By Clint Thompson
University of Georgia Cooperative Extension Agronomist J. Michael Moore says the bulk of Georgia’s tobacco crop is planted. And there’s little incidences of tomato spotted wilt virus (TSWV) being reported.
In his weekly Georgia Tobacco Crop Report, Moore 95% of the crop has been transplanted. There’s only 3% to 4% of TSWV being reported so far. It’s a good start for Georgia producers, as no other pest problems have been reported.
“Essentially all of the crop is transplanted with only about 350 acres left to go. However, this belongs to a limited number of growers and it may take until May 4 to complete this process even if rain forecasted for Wednesday is not excessive,” Moore said.
Tobacco was first transplanted in GA about March 24. However, most growers waited until April 7 to start. By Sunday, April 19 nearly half the crop had been transplanted before rain delayed transplanting until Tuesday, April 21. Transplanting continued until last Thursday before another strong storm, containing high winds, tornadoes, hail and 2 inches to 5.5 inches of rain across the state and the tobacco-growing counties.

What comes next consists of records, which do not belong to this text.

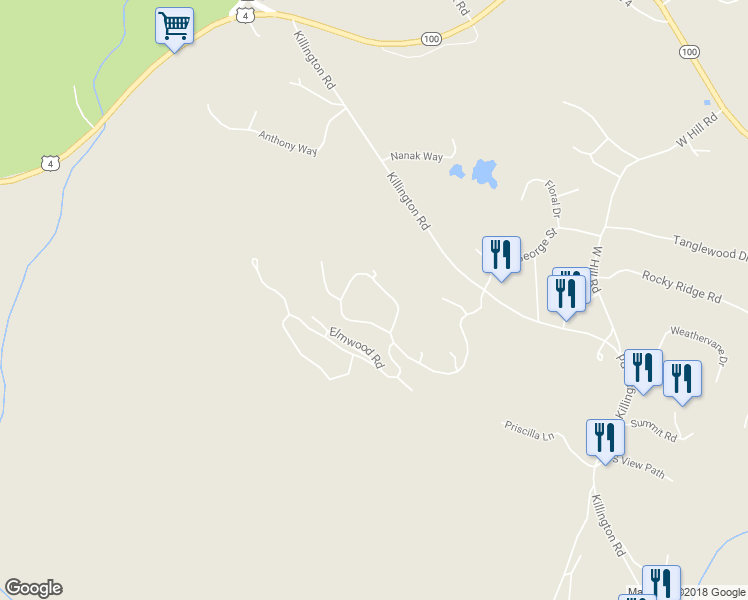 map of restaurants, bars, coffee shops, grocery stores, and more near 53 Woods Road in Killington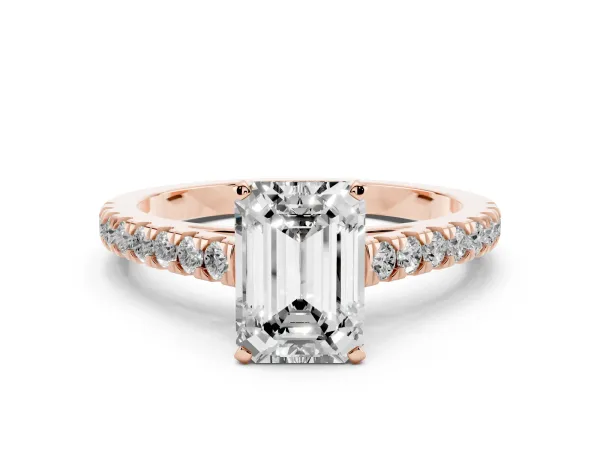 Emerald Cut Cut Solitaire Diamond Ring with Pave Band and Four-Prong Setting Rose gold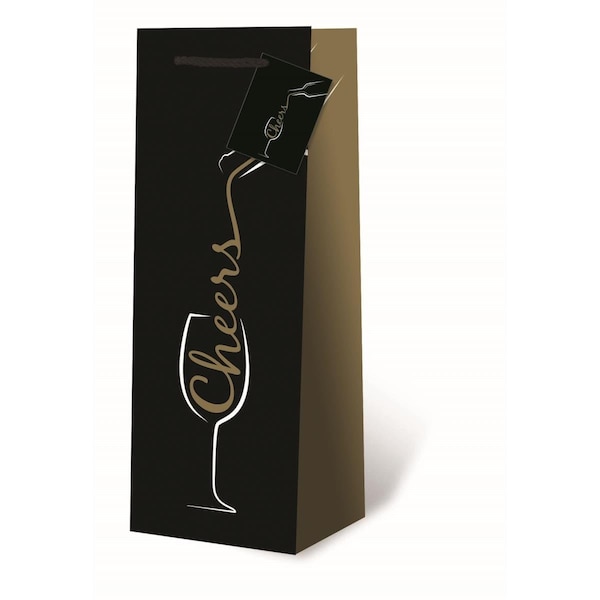 Wrap-Art Pour Some Cheer Printed paper Bag with Plastic Rope Handle Gold - 17783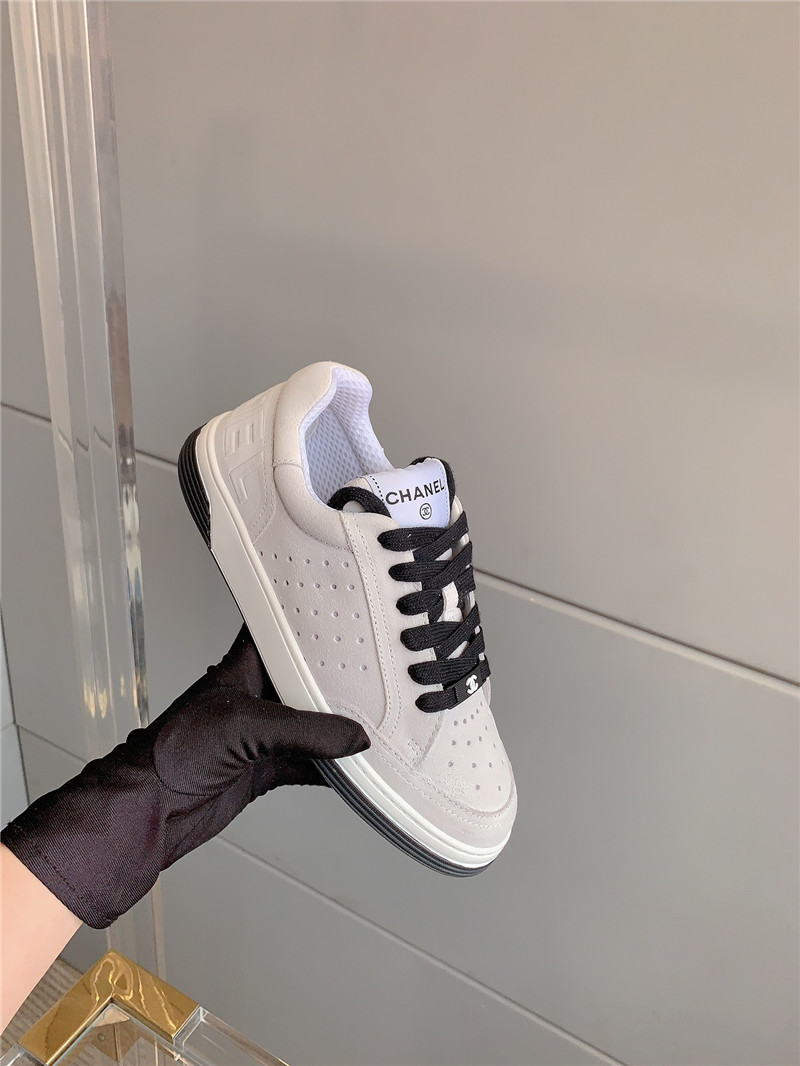 Ch**el calfskin lace-up low top sneakers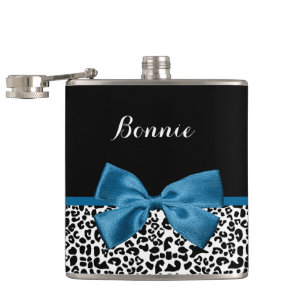 Girly Name Leopard Print Pretty Cobalt Blue Ribbon Hip Flask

There were tornadoes reported from Pelham, all the way to Homerville, Georgia. No tobacco farmers reported building or crop damage.
“I have since heard of some hail damage near Teeterville (Ga.) that the grower does not expect to require re-planting. This rainfall stopped all transplanting, cultivation and fertilizer application until (today),” Moore said.
According to the UGA Center for Agribusiness and Economic Development, Georgia’s tobacco crop generated $44.2 million in farm gate value in 2018. It was grown on 12,677 acres, mostly concentrated in the southeastern part of the state.